Monday, August 25, 2014

DSpace OAI profiles

By default in DSpace, OAI-PMH will share all of your public accessible Items in DSpace through OAI. In case you wanted to restrict or modify the set of results that get shared, you would have to customize the ouput, luckily recent versions of DSpace have an easily modifiable configuration, that essentially gives you "profiles" in OAI.

The default profile is called "request", it doesn't filter the results, and it allows harvesting in many different metadata formats. Note: only publicly accessible items/objects can be disseminatable through OAI.

The other profiles in DSpace are OpenAIRE (Open Access Infrastructure for Research in Europe) and DRIVER (Digital Repository Infrastructure Vision for European Research). By default your repository won't disseminate any objects in OpenAIRE or DRIVER format because the filters in place require some specific metadata to be collected for those profiles/guidelines.

https://github.com/DSpace/DSpace/blob/dspace-4_x/dspace/config/crosswalks/oai/xoai.xml#L33

The DRIVER profile declares a number of filters, which restrict the items that disseminate under that profile, to match the requirements of DRIVER. In this case the filters will require: that there is a title (dc.title), that there is an author (dc.contributor.author), that the document type (dc.type) is one of article, thesis, book, etc,  also that dc.rights is equal to "open access", and lastly that there is a publicly accessible bitstream, hopefully that means that the full text is available.
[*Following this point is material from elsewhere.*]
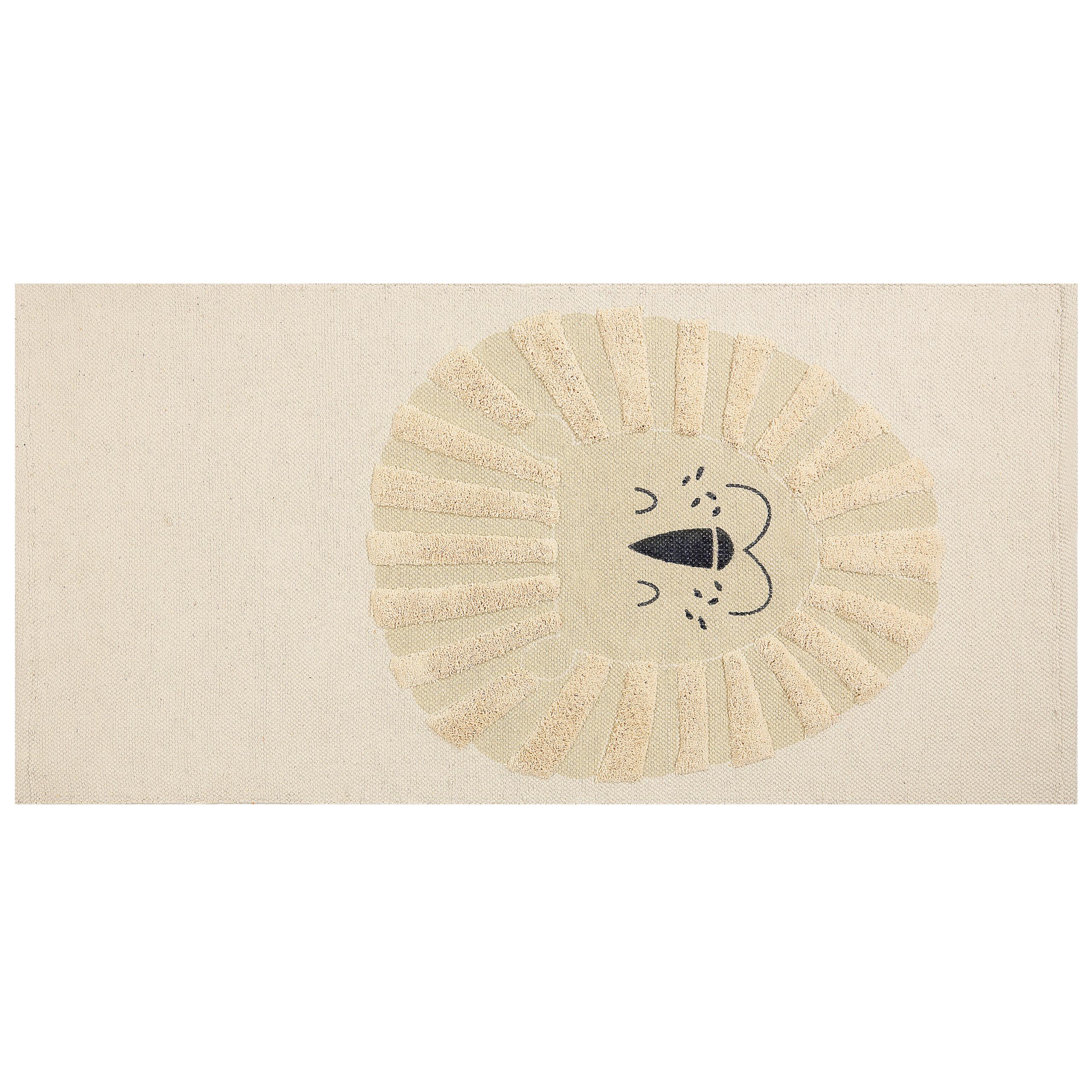 KINDERTEPPICH Balari 150/80 cm - Beige, Textil (80/150cm) - Beliani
So, in case you wanted to customize your default "request" profile to restrict the output to all items in the repository that also had full-text available, you would customize:
 <context baseurl="request">  
 To add:  
 <filter refid="bitstreamaccessFilter"/>  

In addition to this information about DSpace OAI profiles, I did run into some bugs or potential issues in the DSpace XOAI code base. For one, there are two modes to run DSpace XOAI in. There is either database mode, where the database responds to all OAI queries, or a performance optimized version, where SOLR indexes your repository. One of the bugs was that the solr mode had a slightly different interpretation of "bitstreamaccessFilter", i.e. database required that there was an original bundle bitstream, the solr version only required that the item was public. To correct this I've patched our code at Longsight, and have contacted the XOAI author to confirm and test the issue.